> [TASK TO COMPLETE] Every line from the one with "超凡国际分分压单双技巧：快兔物流：智慧供应链，连接全球市场" through the end of the entries below should be written out exactly; the pictures should not.

#####

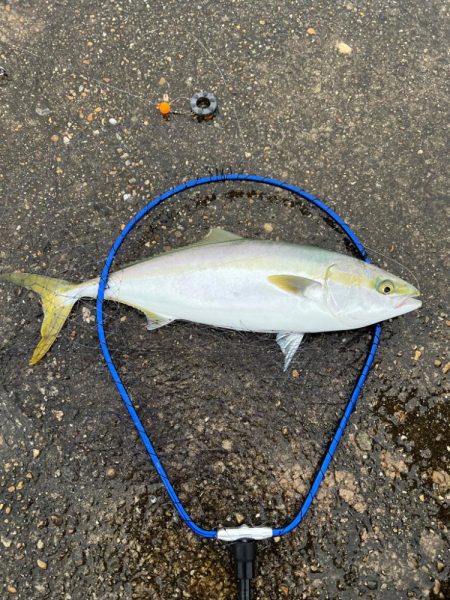 雨の中呑ませリベンジ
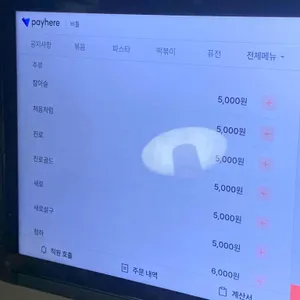 비틀 리뷰 사진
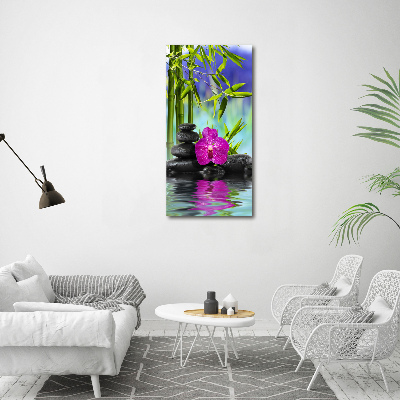 Acrylic print Orchid and bamboo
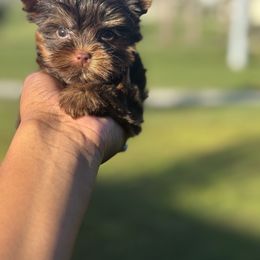Brownie - Chocolate and tan male Yorkshire Terrier puppy in Deltona, Florida from Poodles by CNC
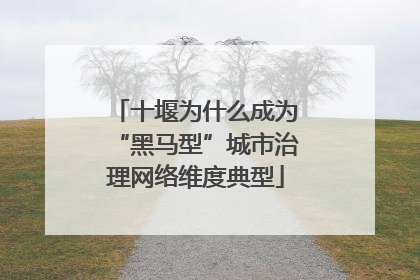 十堰为什么成为“黑马型”城市治理网络维度典型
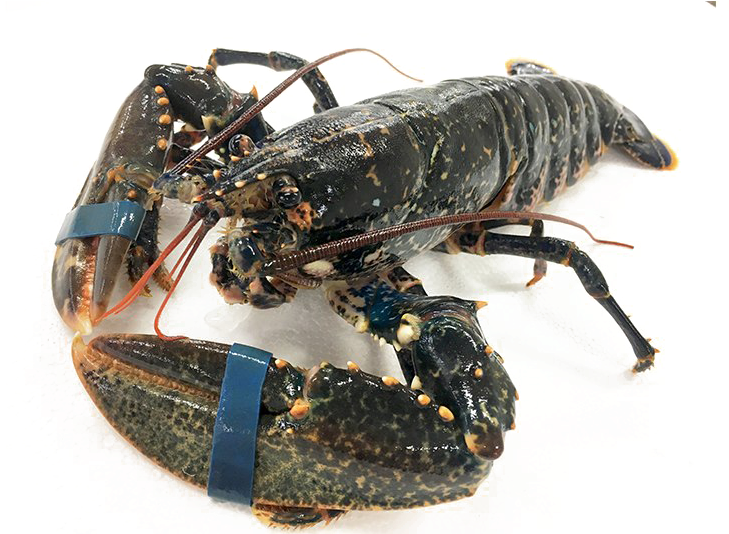 Lobster Transparent Image - Homarus Gammarus (800x533), Png Download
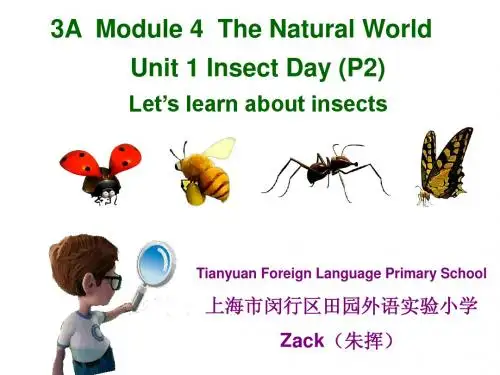 insects第二课时12-20
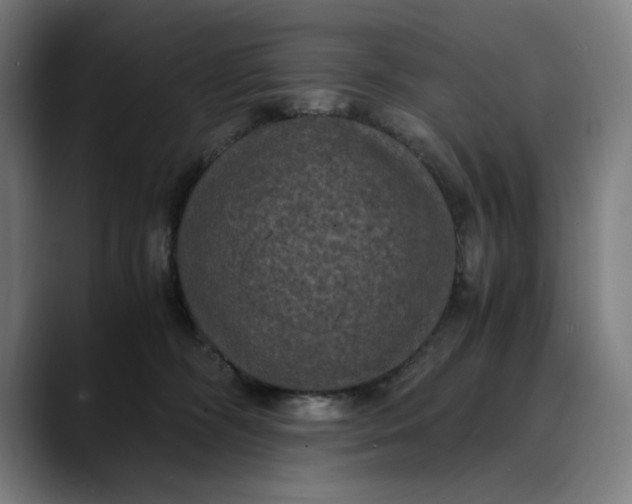 X0000089690326200707121340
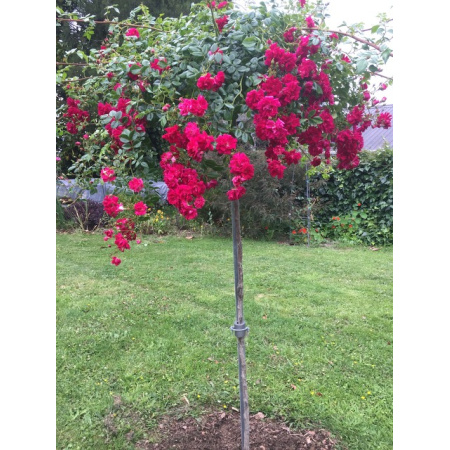 rose_stake_2_4_silver_with_flower_1495344139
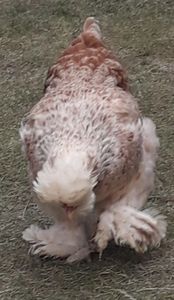  - Gaini motate si barboase 2019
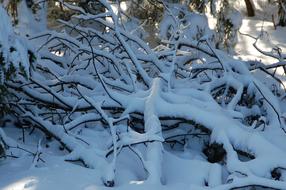 Snowy Branches Winter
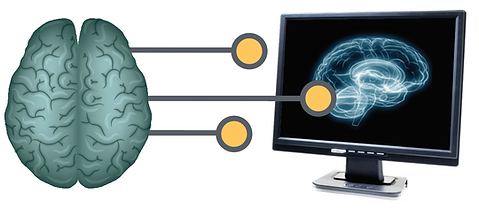 Neuropsychology is a branch of psychology that studies the relationship between the brain and behavior, and evaluates how people with cognitive impairments function on a daily basis.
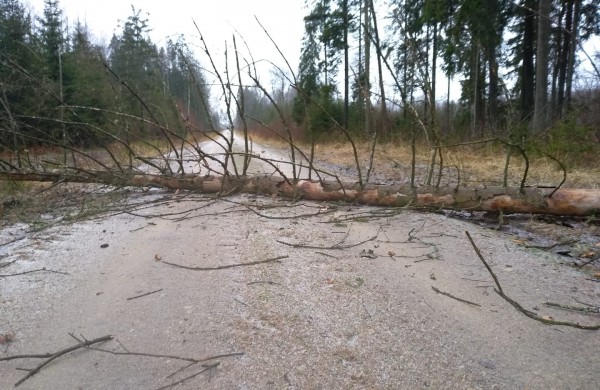 Valstybinių miškų urėdijos miškininkai įvertino stipraus vėjo žalą miškams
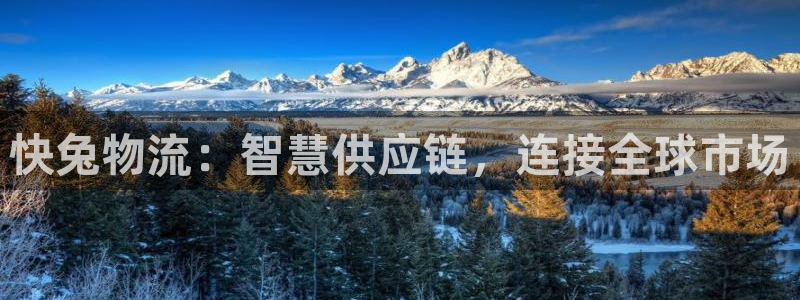 超凡国际分分压单双技巧：快兔物流：智慧供应链，连接全球市场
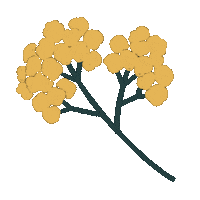 Illustration Flower Sticker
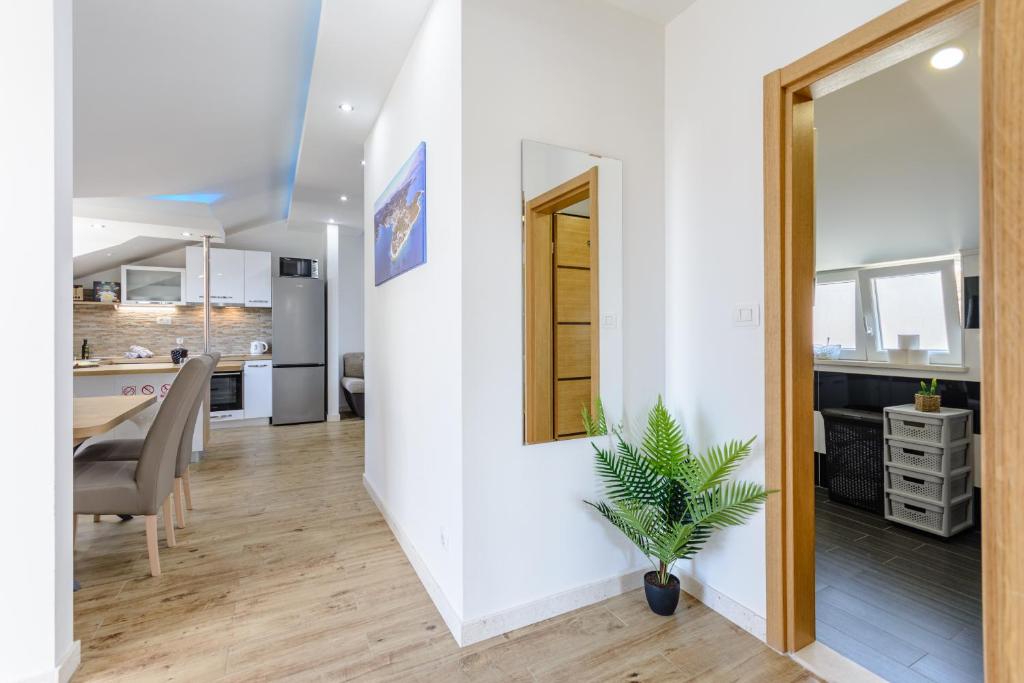 Apartment Darka 1 photo 4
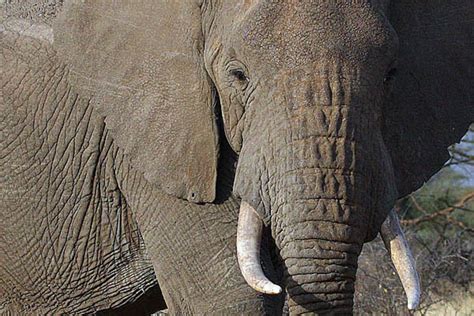 The Economics Of Illegal Ivory Pacific Standard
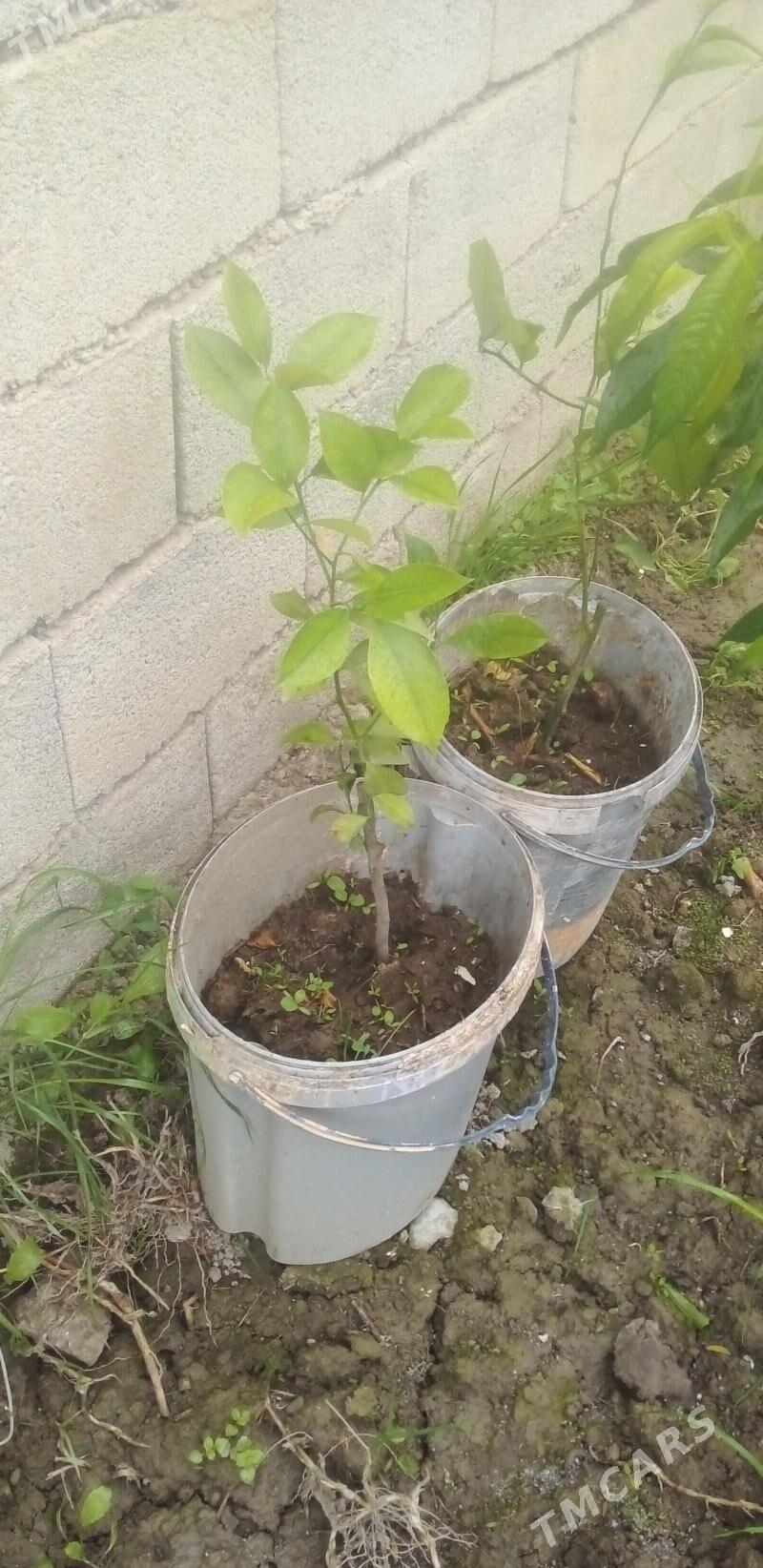 limon - Gökdepe - img 1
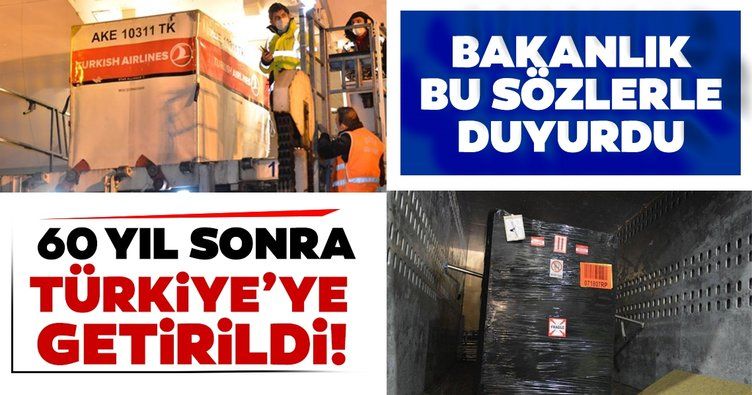 SON DAKİKA HABER | 60 yıl sonra Türkiye'ye getirildi! Türkiye'den kaçak yollarla satılmıştı...
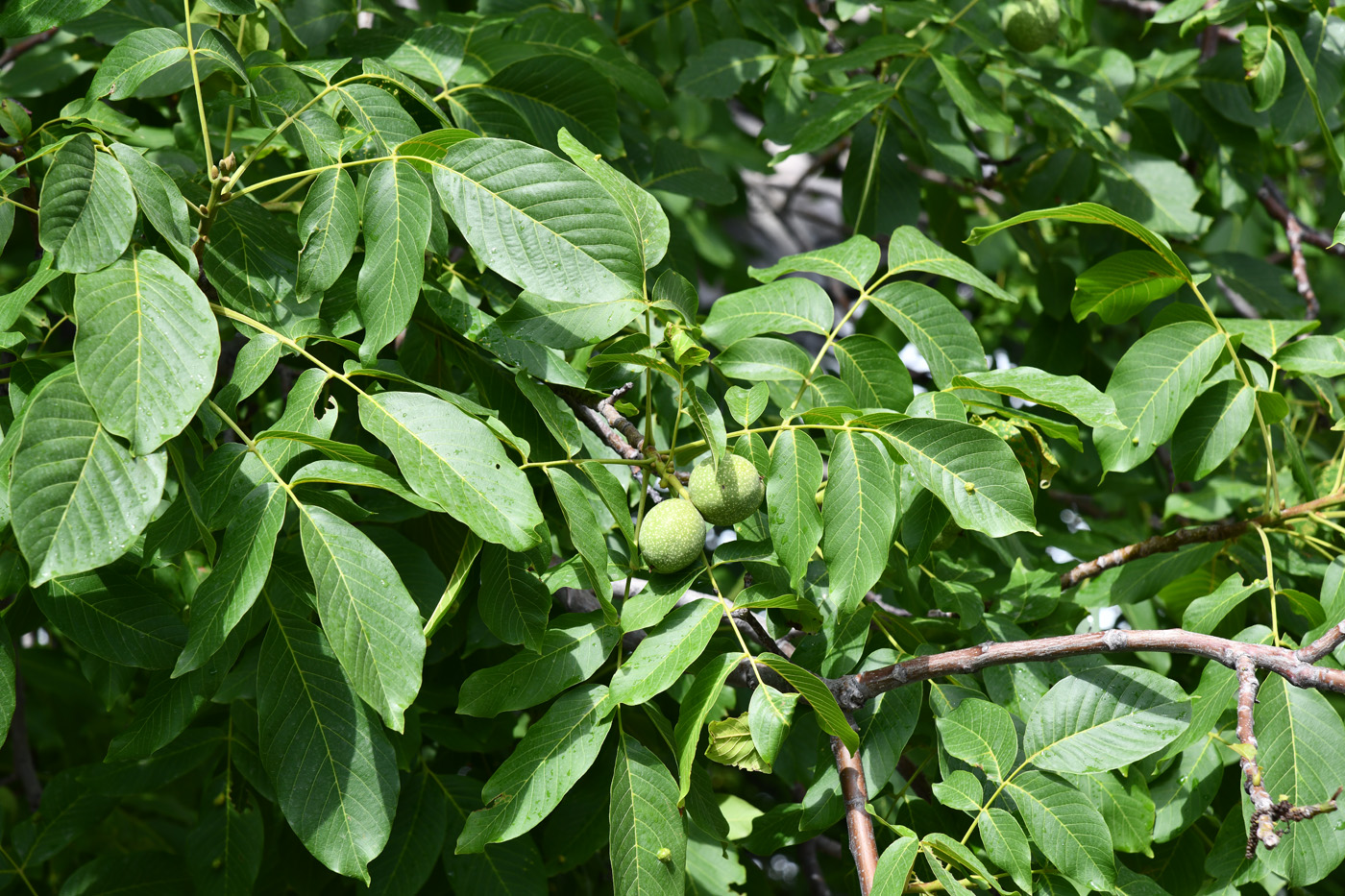 Изображение особи Juglans regia.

#####

> [RESULT]
 超凡国际分分压单双技巧：快兔物流：智慧供应链，连接全球市场
 Illustration Flower Sticker
 Apartment Darka 1 photo 4
 The Economics Of Illegal Ivory Pacific Standard
 limon - Gökdepe - img 1
 SON DAKİKA HABER | 60 yıl sonra Türkiye'ye getirildi! Türkiye'den kaçak yollarla satılmıştı...
 Изображение особи Juglans regia.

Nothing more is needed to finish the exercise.